Yesterday, the beach I normally go to was full of seaweed. I walked about 25 minutes to the marker I set as a minimum distance for my daily exercise routine. Saw almost no birds except for a pelican. No swimming in the ocean today, alas.
Chatted briefly with the park ranger about a dead turtle situation, further down, near what is known as Peck Lake. Will have to check it out when beach walking gets easier.
Though it’s hot in much of the country, the weather in this part of Florida yesterday was perfect for walking, with a light breeze and a few clouds blocking the sun.
Right now as I type this at dawn on a Thursday, the weather data is as follows.
Thinks it will be perfect for a nice, long bike ride, after I finish my morning chores.
Right now I am about half an hour away from the start of Morning Joe.
I usually watch a few minutes of his aw shucks, I’m-just-a-simple-country-lawyer Foghorn Leghorn routine.
Some people just love to hear themselves talk.
When I’ve had enough of his predictable ramblings, my day will start for real with walking my German Shepherd by the nearby tennis courts.
Then it will be time to pay off some bills and do a few other mundane things.
When I am not engaged in a writing project, my general philosophy is to do one major thing a day.
Not two. Not five.
One.
So maybe one day you do your taxes.
Or wash the car.
Or plant something beautiful in your garden.
Or go for a SUP board ride in safe waters.
Or do an hour of beginner’s yoga for men.
Or go out bike riding for 10 miles.
Or read 50 pages from some intelligent book.
That is known as kicking back in retirement, and not giving a shit about the crazies out there.

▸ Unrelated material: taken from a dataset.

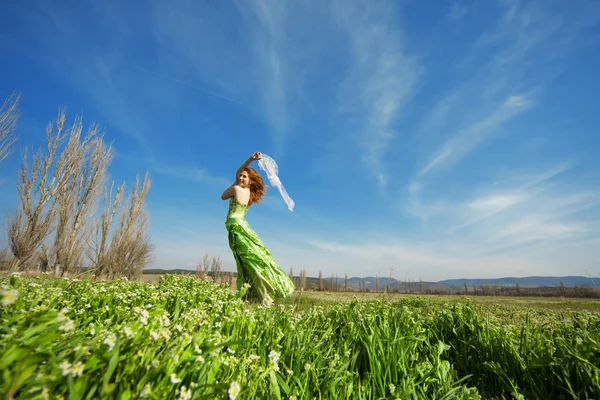 Девушка в поле — стоковое фото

It means you set your own time pace. You are competing against no-one; conversely, as much as it possible in this world, you do not dance to any tune but your own.
This is how I’ve lost 15 lbs this summer in less than 6 weeks (so far), and brought my blood pressure down from 180/100 (approaching stroke territory) to what it was this morning when I woke up: 123/70, with a 60 BPM heart rate, without any heavy duty medications.
How did I do it?
The secret is to stay focused on a non-mickey mouse project that matters to you personally; trust your instincts; don’t sweat what you can’t control; and never get sucked in by anyone’s bullshit.
That last one is the absolute key.
As long as you always keep it in mind, no matter what, you will have at least a fighting chance of being as free as that pelican.
Well, dispensing clichéd, free life coach advice is easy.
Doing this shit consistently isn’t.
So turn off your computer, and go do something real for a change.